Il me jeta un regard et me planta là, comme ça, sans rien dire de plus. Au loin, la Porsche vrombit ; Marc démarrait comme s’il était poursuivi par une horde de furies. Je passai mes doigts sur mes lèvres gonflées, alors que mon corps frémissait encore. Je passai la porte cochère, en trouvant la lumière éblouissante. Je grimpai dans le premier taxi libre, donnai l’adresse de l’agence et me tassai dans le fond de la voiture.
Arrivée à destination, je m’écroulai dans mon fauteuil, regard braqué sur l’écran, tête entre les mains, et restai dans cette position sans rien faire les deux heures suivantes. Chaque fois que j’étais sollicitée par quelqu’un, je répondais : « demain ».
— Nous devions nous voir ce soir, non ?
— Hein ? rétorquai-je en levant les yeux.
Je venais d’adresser le dernier « demain » à Bertrand sans même m’en rendre compte. La catastrophe ! Je sautai de mon fauteuil.
— Bertrand ! Oui, bien sûr ! J’arrive.
Il me regarda étrangement et partit dans son bureau.
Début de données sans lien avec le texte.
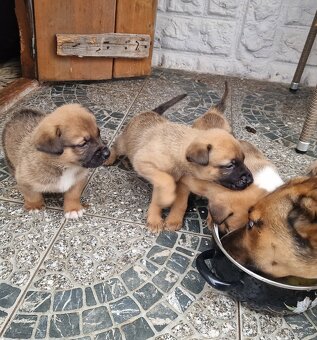 Darujem šteniatka - 2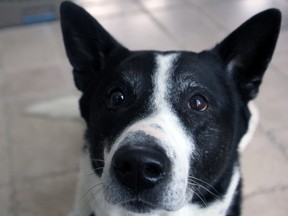 Ricky, a seven-year-old Canaan bred by Kingston's Genevieve Landis, will compete at the Westminster Dog Show at New York's Madison Square Garden next week. (Steph Crosier/The Whig-Standard)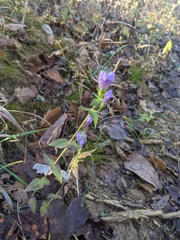 Gentianella quinquefolia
Je n’avais aucune note sur laquelle m’appuyer. L’espace d’un instant, j’eus un énorme trou de mémoire. Qu’avais-je fait avant l’épisode de la porte cochère ? Le café avec Marc. Mais encore. Je me creusais encore la tête en prenant place en face de lui.
— Donc, les Américains ?
Il me restait trois neurones pour m’éviter de crier « Alléluia ». Petit à petit, les informations émergèrent, et je pus lui raconter le déjeuner, en lui confiant les contacts décrochés. Il finit par me souhaiter une bonne soirée, et me rappela le dîner du lendemain avec toute l’équipe — dîner que j’avais totalement zappé. Où avais-je la tête ? Sous une porte cochère.
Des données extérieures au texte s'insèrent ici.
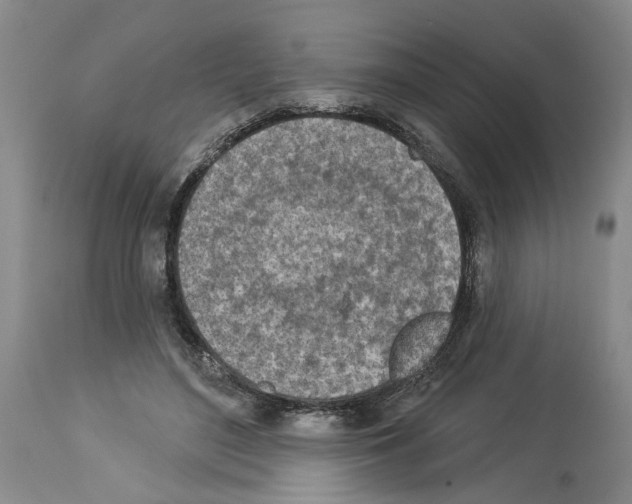 X0000113960500200911061328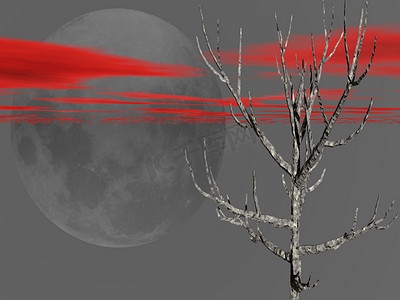 死树和月亮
Le somnifère mit plus de temps à agir que d’habitude ; chaque fois que je fermais les yeux, je revivais mon baiser avec Marc, avec le sentiment de ne jamais avoir été embrassée de cette façon. À mon réveil, le samedi matin, j’avais toujours la tête en vrac, le ventre tiraillé par le désir, qui refaisait surface dès que les lèvres de Marc se rappelaient à mon bon souvenir. Je me sentais totalement stupide, ayant l’impression d’être une gamine après son premier baiser. M’occuper devenait impératif. Après mon café, j’enfilai ma tenue de sport et préparai mon sac de piscine, en prenant bien soin d’y mettre le maillot de nageuse, c’était fini le bikini ! Pour ce que ça m’avait servi.
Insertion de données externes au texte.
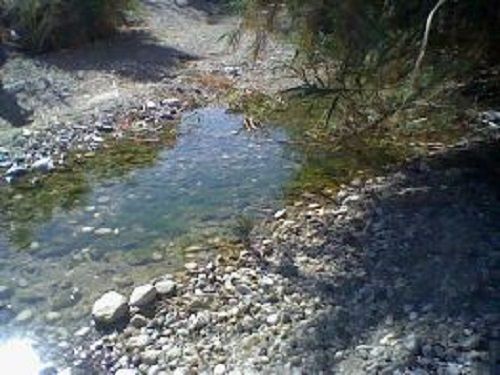 Paseo por Mexico Río Ajamilpa en Zacapala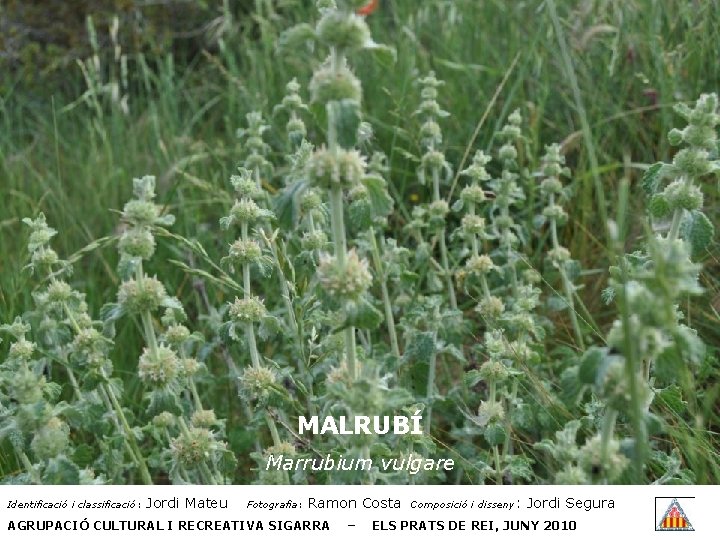 MALRUBÍ Marrubium vulgare Identificació i classificació: Jordi Mateu Fotografia: Ramon Costa AGRUPACIÓ CULTURAL I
Arrivée au bord du bassin, ma tête me gratta, mes cheveux manifestaient très clairement leur goût pour la liberté. N’en pouvant plus et préférant ne pas m’imposer une contrariété supplémentaire, je retirai le bonnet avant de plonger. Durant une heure, dans le couloir de nage, j’enchaînai les longueurs rageusement, comme avant. L’effet fut immédiat : ma respiration se régula, mon corps se détendit, mon esprit se tourna vers le travail et le dîner du soir avec l’agence. Ma seule distraction fut d’imaginer le programme de l’après-midi avec Alice, elle me manquait depuis mon retour.
Elle m’appela après avoir réussi à garer sa voiture, près de chez moi, vers 11 h 30. Je claquai la porte de l’appartement et la rejoignis sur le trottoir. Elle me sauta au cou en me serrant contre elle. Je lui rendis son étreinte.
— Si tu savais à quel point je suis heureuse de passer la journée en tête à tête avec toi ! me dit-elle.
— Moi aussi.
Je la pris par le bras, l’entraînai rue de Vaugirard, puis nous marchâmes jusqu’à la rue de Rennes. Je la fis parler des enfants, de Cédric, et de la rentrée des classes. Nos parents s’invitèrent aussi dans nos discussions, ils avaient pris le relais à la Petite Fleur, mon père était ravi du déblayage effectué dans la grange, et lui comme ma mère n’avaient de cesse de me réclamer. Depuis combien de temps ne les avais-je pas vus ? Longtemps, bien longtemps. En franchissant le seuil d’un premier magasin, un regard échangé suffit à nous comprendre : Alice choisirait pour moi, et inversement. Elle était là pour détendre ma garde-robe et, moi, je me faisais le devoir de la féminiser. Je voulais à tout prix qu’elle remette sa beauté naturelle en valeur.